Pakistan’s loss to India on Sunday nudged them to the foot of the Super Four standings, yet opener Sahibzada Farhan believes the match revealed more positives than the scoreboard suggests. His 34-ball fifty powered Pakistan to 91 for 1 inside the first ten overs – their best halfway mark against India in this tournament – and he insists that momentum can carry into Tuesday’s meeting with Sri Lanka in Abu Dhabi.
“The way we batted today, the boys are very confident,” Farhan said straight after the defeat. “The wickets in Abu Dhabi are true and the ball comes onto the bat, and we’ll play to win.”
Key facts first
• Pakistan posted 171, India chased it down with an over to spare – the highest successful pursuit of this Asia Cup.
• All four of Pakistan’s fixtures so far have been in Dubai; the Sri Lanka match will be their first in Abu Dhabi.
• Sri Lanka also arrive on the back of a loss, leaving Tuesday’s contest perilously close to an eliminator.
Preparation – or lack of it – has been raised as a potential problem, given Pakistan travelled without a formal training session. Farhan brushed that aside: “We’re very well prepared. The boys are confident ahead of the Sri Lanka game because this wasn’t a one-sided game; it was one we took right to the end.”
What changed on Sunday?
Farhan, currently Pakistan’s leading run-scorer in the tournament, targeted Jasprit Bumrah early and then went after wrist-spinner Kuldeep Yadav, plus the left-arm orthodox of Axar Patel. By the halfway mark Pakistan were cruising, only for a middle-overs stutter to drag the run-rate back. Analysts on local television, including former India opener Aakash Chopra, pointed to a “clear difference” in Pakistan’s intent; the trick now is sustaining that aggression for 20 overs.
“I worked a lot on my six hitting,” Farhan explained. “When I used to score runs before, there were very few boundaries among them. If we’d won this game, it would have been very valuable to me. Performing against India is very highly rated but I just regret we didn’t win the game today.”
Mistakes still linger. Farhan accepts that Pakistan have too often squandered the powerplay in previous matches: “The mistake we were making in previous matches was losing wickets early on and not utilising the powerplay. This time around our powerplay was brilliant, with 91 in 10 overs. There was a collapse in the middle and we’ll look to rectify that.”
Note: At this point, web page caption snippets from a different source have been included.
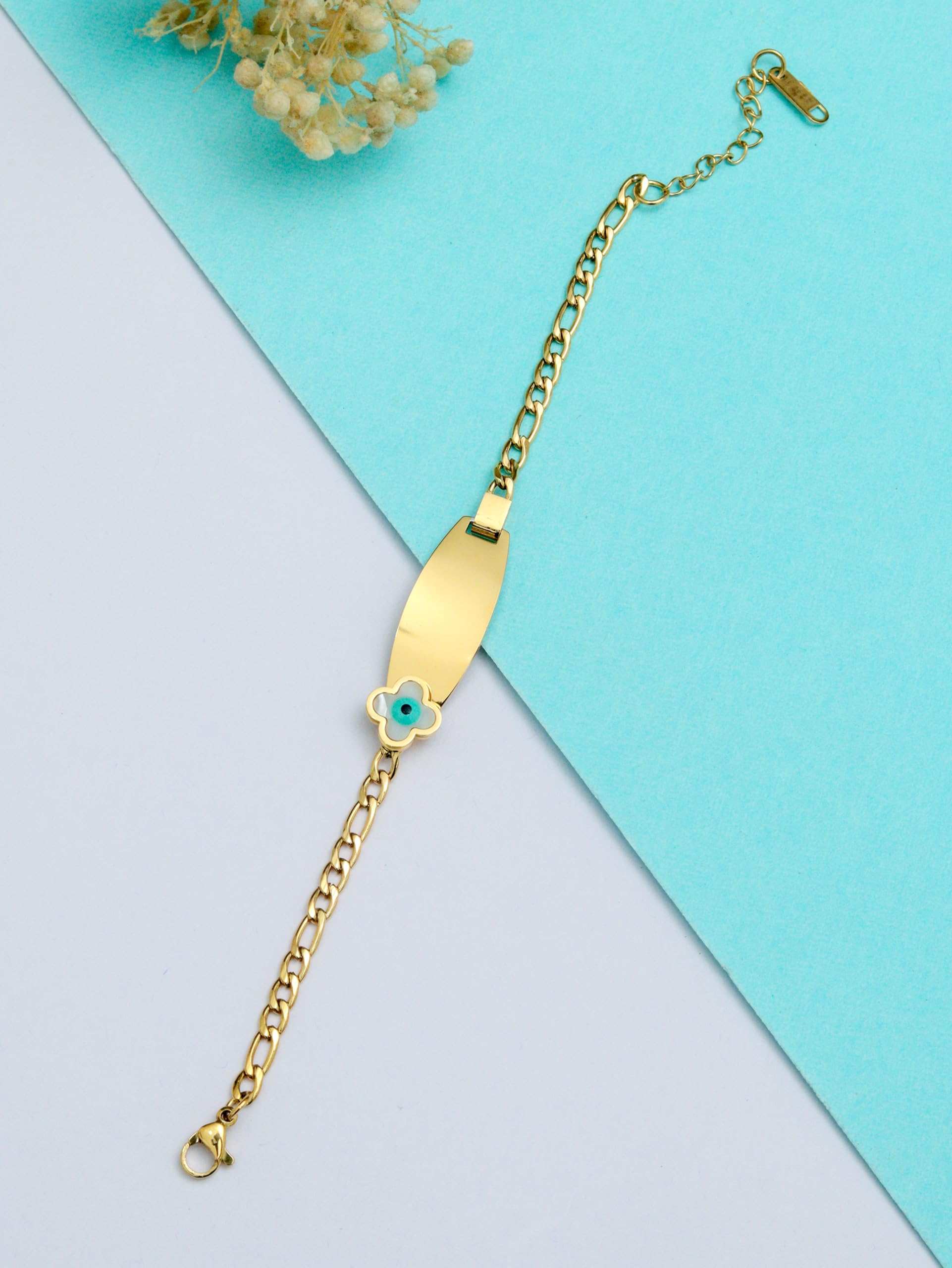 A gold-plated bracelet with an evil eye charm and a flower detail, displayed against a two-tone blue and white background.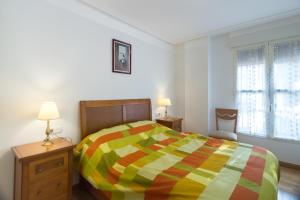 萨莫拉Merlú Apartamento con garaje的一间卧室配有一张带五颜六色棉被的床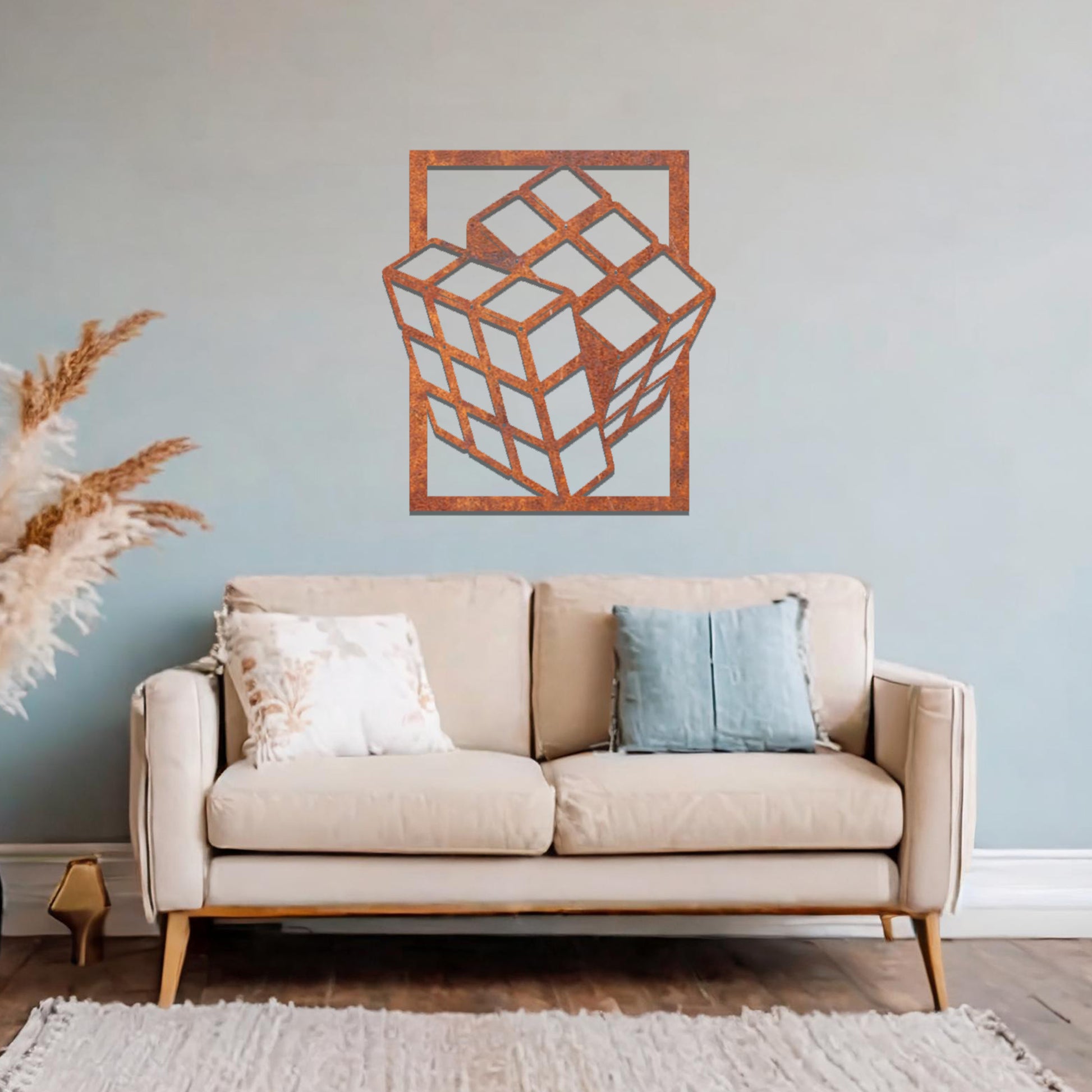 Metal wall art featuring a rectangular design of a three-dimensional cube, showcasing bold geometric shapes and a modern aesthetic as a statement piece.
Those collapses partly explain why Pakistan have yet to post a 180-plus total in this Asia Cup. Strike rotation slowed, India’s spinners found grip, and wickets fell just as the platform was set. It left India requiring a gettable 86 from the final ten overs, a chase they managed with relative comfort.
Celebration and controversy
Farhan’s half-century came with a six off Axar and an impromptu “gun-shot” celebration, bat cocked and imaginary trigger pulled. Television cameras lingered; social media had its say. Farhan insists no offence was intended: “That celebration was just a spur of the moment. I rarely celebrate when I get to fifty. But when I got there I suddenly got the idea of celebrating, and so I did without knowing or caring how people would interpret it. We should play aggressive cricket against any team, not just India, the way we played today.”
Looking ahead
Pakistan shift to the Sheikh Zayed Stadium, a slower surface than the Dubai International. It can assist spin and reward batsmen willing to nudge rather than muscle, but Farhan sees opportunity rather than risk. He argues that “true” bounce allows stroke-makers to trust the pitch. Whether Pakistan shuffle the batting order, or stick with the top three that finally clicked, will be decided at the optional training hit-out on Monday evening.
Optimism – cautiously expressed – sits alongside realism. Pakistan must beat Sri Lanka and hope the net-run-rate maths remains kind. Farhan, for one, is already thinking further ahead: “We’d love to be able to meet India again in the final.” For that to happen, Pakistan need two wins and a slice of luck, yet the opener’s own form offers a sliver of belief.
Analytical takeaway
1. Powerplay gains: 91/1 proved Pakistan can match India’s tempo at the top.
2. Middle-overs dip: 80 runs in the final ten overs was 15-20 light for this ground.
3. Bowling response: Pakistan’s seamers hit the right lengths early but lacked penetration once the ball softened; spin leaked boundaries in the 12-16 over bracket.
Those numbers suggest the gap is not insurmountable, but time is running short. Farhan’s bat has offered a blueprint; the rest of the XI must now follow it, starting in Abu Dhabi.